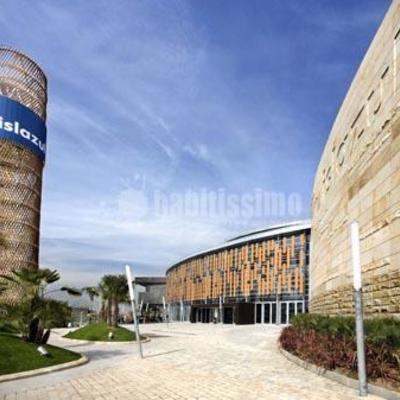 Asistencia Técnica en la Construcción de Fachadas y Cubierta del Centro Comercial y de Ocio Islazul. Madrid.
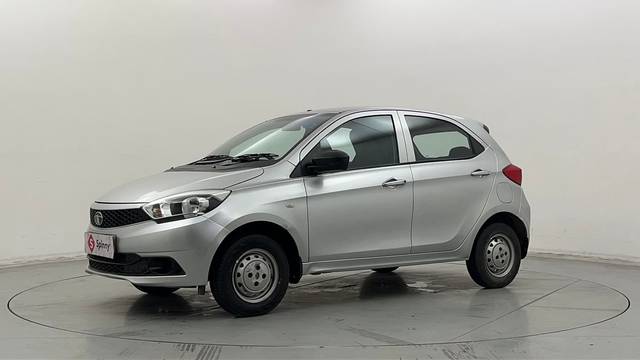 https://images10.gaadi.com/usedcar_image/4546455/original/8c9aba8d73f553035c0273a75d53091b.JPG?imwidth=6400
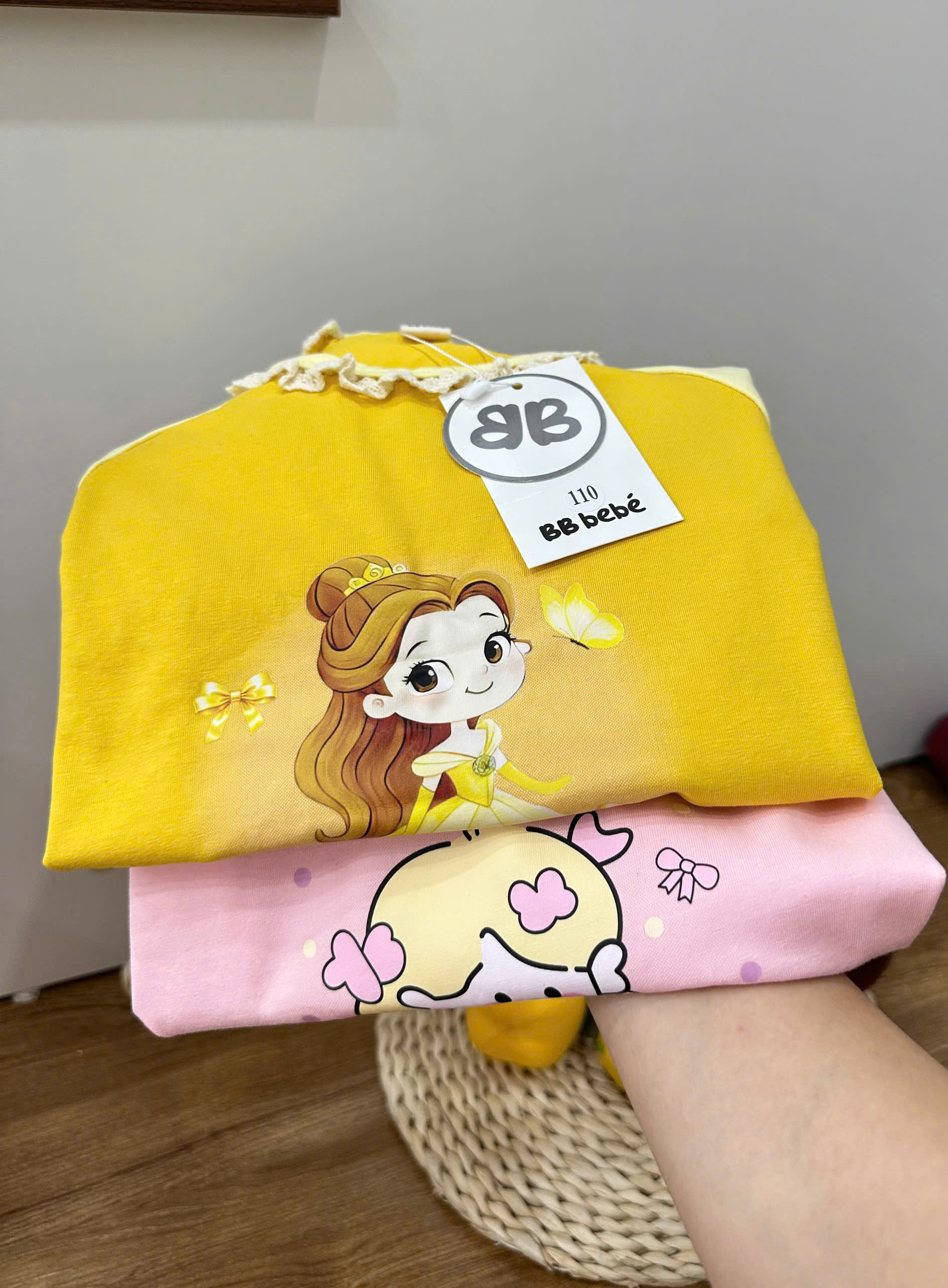 B975 - SET 2 BỘ CÔNG CHÚA ELSA HỒNG VÀNG
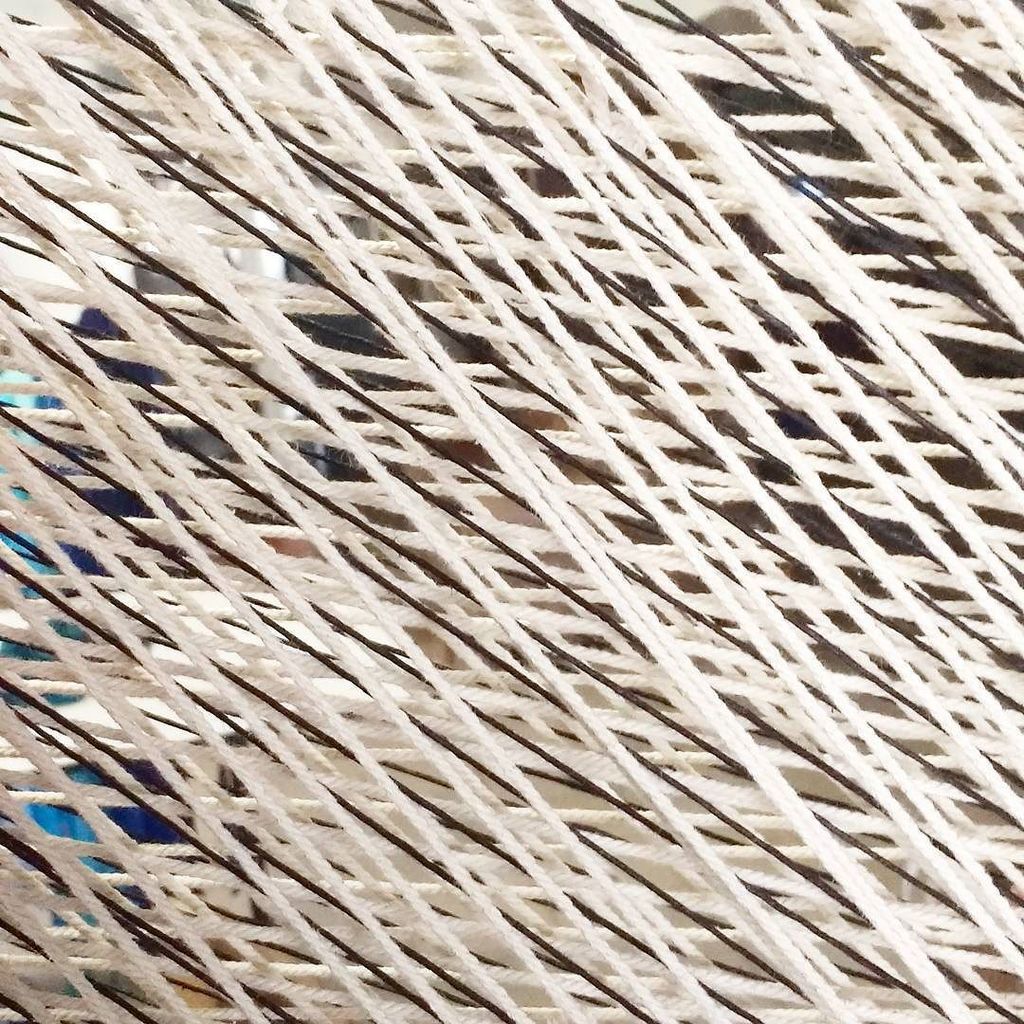 iamPGR's tweet photo. Pile o warps.
#textileart #fiberart #texture #dstexture #textileartist #warp #workinprogress #wip #chicagoartist #westside #bestside #summ… https://t.co/gVwMNw52dB
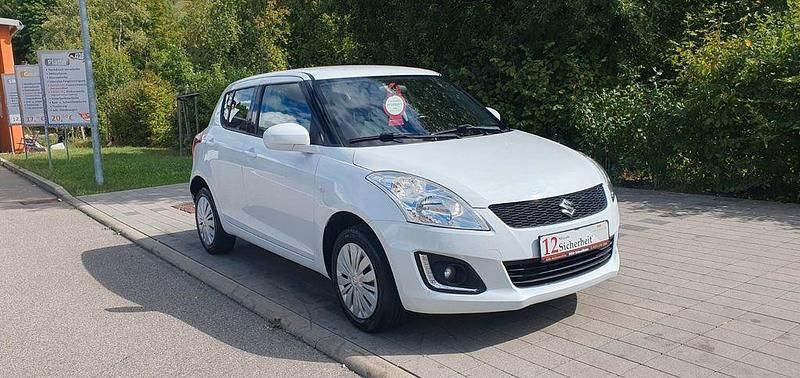 Weiß Gebraucht 2015 Suzuki Swift Club Limousine | 7.990 € (Fairer Preis) - Bild 1/4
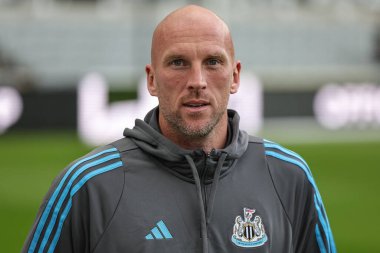 Newcastle Untie 'den John Ruddy, sezon öncesi dost canlısı Newcastle United' ın Espanyol 'a karşı 8 Ağustos 2025' te St. James 's Park, Newcastle' a geldi.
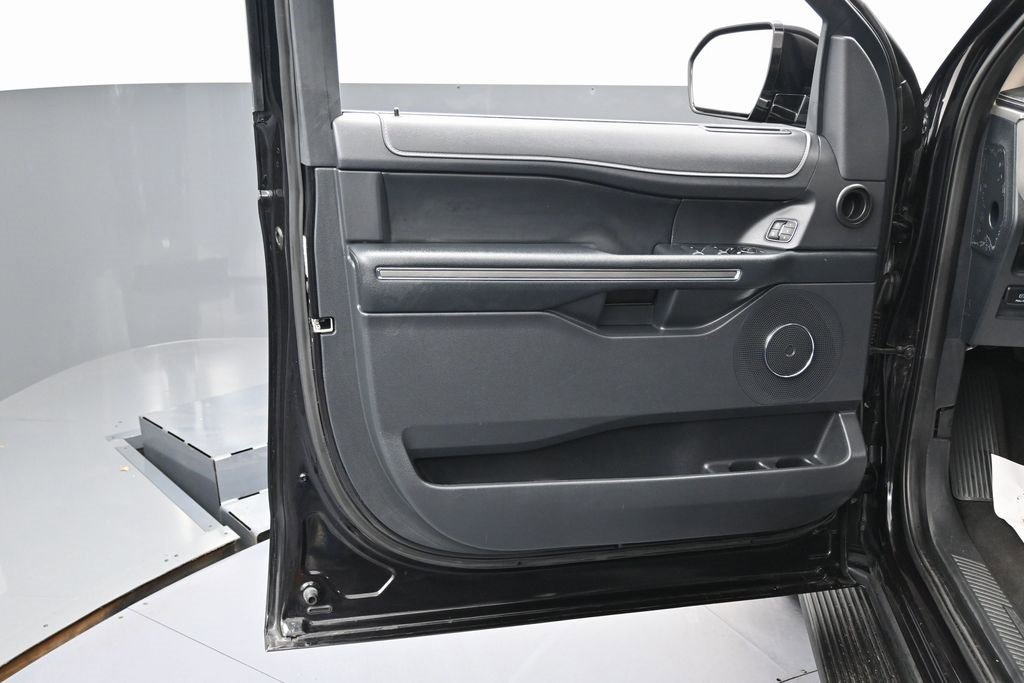 Used 2024 Ford Expedition XLT image 47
______________________________
### [Required work]
All of the entries need to be copied exactly, minus any pictures.

### [Exercise result]
 Asistencia Técnica en la Construcción de Fachadas y Cubierta del Centro Comercial y de Ocio Islazul. Madrid.
 https://images10.gaadi.com/usedcar_image/4546455/original/8c9aba8d73f553035c0273a75d53091b.JPG?imwidth=6400
 B975 - SET 2 BỘ CÔNG CHÚA ELSA HỒNG VÀNG
 iamPGR's tweet photo. Pile o warps.
#textileart #fiberart #texture #dstexture #textileartist #warp #workinprogress #wip #chicagoartist #westside #bestside #summ… https://t.co/gVwMNw52dB
 Weiß Gebraucht 2015 Suzuki Swift Club Limousine | 7.990 € (Fairer Preis) - Bild 1/4
 Newcastle Untie 'den John Ruddy, sezon öncesi dost canlısı Newcastle United' ın Espanyol 'a karşı 8 Ağustos 2025' te St. James 's Park, Newcastle' a geldi.
 Used 2024 Ford Expedition XLT image 47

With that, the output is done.